GAPS: A Large and Diverse Classical Guitar Dataset and Benchmark Transcription Model

Xavier Riley,Zixun Guo,Drew Edwards,Simon Dixon
2024-08-30
Abstract:We introduce GAPS (Guitar-Aligned Performance Scores), a new dataset of classical guitar performances, and a benchmark guitar transcription model that achieves state-of-the-art performance on GuitarSet in both supervised and zero-shot settings. GAPS is the largest dataset of real guitar audio, containing 14 hours of freely available audio-score aligned pairs, recorded in diverse conditions by over 200 performers, together with high-resolution note-level MIDI alignments and performance videos. These enable us to train a state-of-the-art model for automatic transcription of solo guitar recordings which can generalise well to real world audio that is unseen during training.
Sound,Audio and Speech Processing
What problem does this paper attempt to address?

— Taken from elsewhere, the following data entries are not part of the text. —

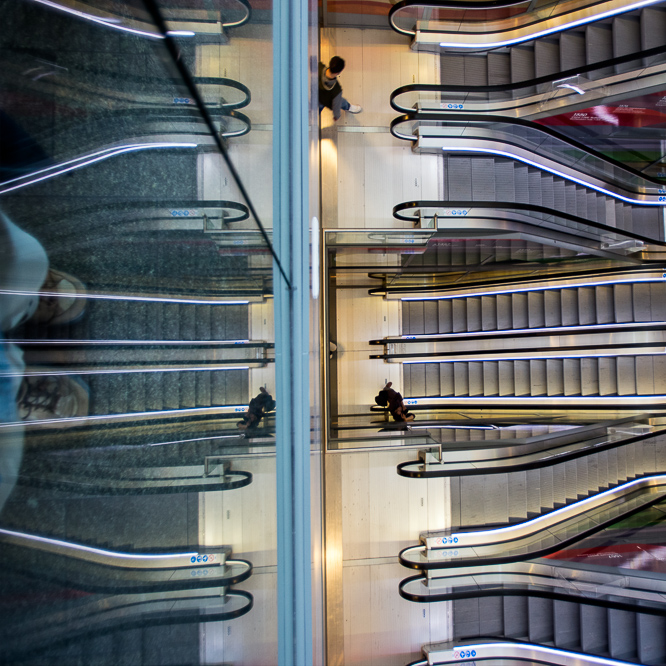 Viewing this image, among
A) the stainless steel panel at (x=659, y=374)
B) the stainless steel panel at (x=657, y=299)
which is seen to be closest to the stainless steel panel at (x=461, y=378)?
the stainless steel panel at (x=659, y=374)

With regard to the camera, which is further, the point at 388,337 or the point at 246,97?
the point at 388,337

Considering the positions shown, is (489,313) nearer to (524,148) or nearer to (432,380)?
(432,380)

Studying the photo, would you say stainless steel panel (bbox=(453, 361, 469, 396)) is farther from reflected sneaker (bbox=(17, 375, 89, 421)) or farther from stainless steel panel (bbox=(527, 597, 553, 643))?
reflected sneaker (bbox=(17, 375, 89, 421))

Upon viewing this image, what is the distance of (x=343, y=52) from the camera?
6.61 metres

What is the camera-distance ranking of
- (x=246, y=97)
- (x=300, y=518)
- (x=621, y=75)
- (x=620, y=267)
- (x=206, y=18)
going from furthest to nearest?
(x=620, y=267) < (x=621, y=75) < (x=300, y=518) < (x=246, y=97) < (x=206, y=18)

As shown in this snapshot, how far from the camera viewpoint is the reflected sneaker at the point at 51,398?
0.17 metres

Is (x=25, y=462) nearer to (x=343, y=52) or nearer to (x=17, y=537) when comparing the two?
(x=17, y=537)

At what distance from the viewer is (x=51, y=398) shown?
7.4 inches

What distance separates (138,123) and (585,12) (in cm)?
881

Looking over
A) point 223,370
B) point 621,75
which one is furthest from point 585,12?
point 223,370

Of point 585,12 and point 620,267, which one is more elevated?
point 585,12

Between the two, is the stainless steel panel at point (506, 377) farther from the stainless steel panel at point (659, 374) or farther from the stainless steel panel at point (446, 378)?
the stainless steel panel at point (659, 374)

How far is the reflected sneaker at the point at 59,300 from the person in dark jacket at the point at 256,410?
1.76 feet

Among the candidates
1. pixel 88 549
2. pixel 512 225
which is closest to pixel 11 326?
pixel 88 549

The main problem that this paper attempts to solve is the lack of high - quality datasets for automatic music transcription (AMT) of classical guitars in the field of music information retrieval (MIR). Specifically: 1. **Lack of high - quality guitar datasets**: Compared with the piano, the high - quality datasets related to guitars are very limited. This restricts the accuracy and development of guitar AMT systems. For example, the piano has comprehensive datasets such as MAESTRO and MAPS, while guitars do not have similar resources. 2. **Improving the performance of automatic music transcription**: In order to improve the performance of guitar AMT systems, researchers need a dataset that contains a large amount of real - audio, matching music scores, and high - quality annotations. Existing guitar datasets such as GuitarSet and EGDB are small in scale and lack diversity, and cannot fully train and validate high - performance AMT models. To solve these problems, the author introduced GAPS (Guitar - Aligned Performance Scores), which is a new, large - scale classical guitar dataset, containing 14 hours of real guitar audio, as well as matching music scores, high - resolution MIDI annotations, and performance videos. These data were recorded by more than 200 performers under different recording conditions, providing rich diversity and a wide range of application scenarios. In addition, the author also used the GAPS dataset to train a benchmark guitar transcription model, which achieved state - of - the - art performance in both supervised learning and zero - sample settings. Through this dataset and model, researchers hope to promote the development of guitar AMT systems and facilitate research on other MIR tasks, such as automatic music transcription, score following, performance analysis, generative music modeling, and expressive performance time research. In summary, this paper aims to fill the gaps in existing research by providing a large - scale, diverse guitar dataset and significantly improve the performance of guitar AMT systems.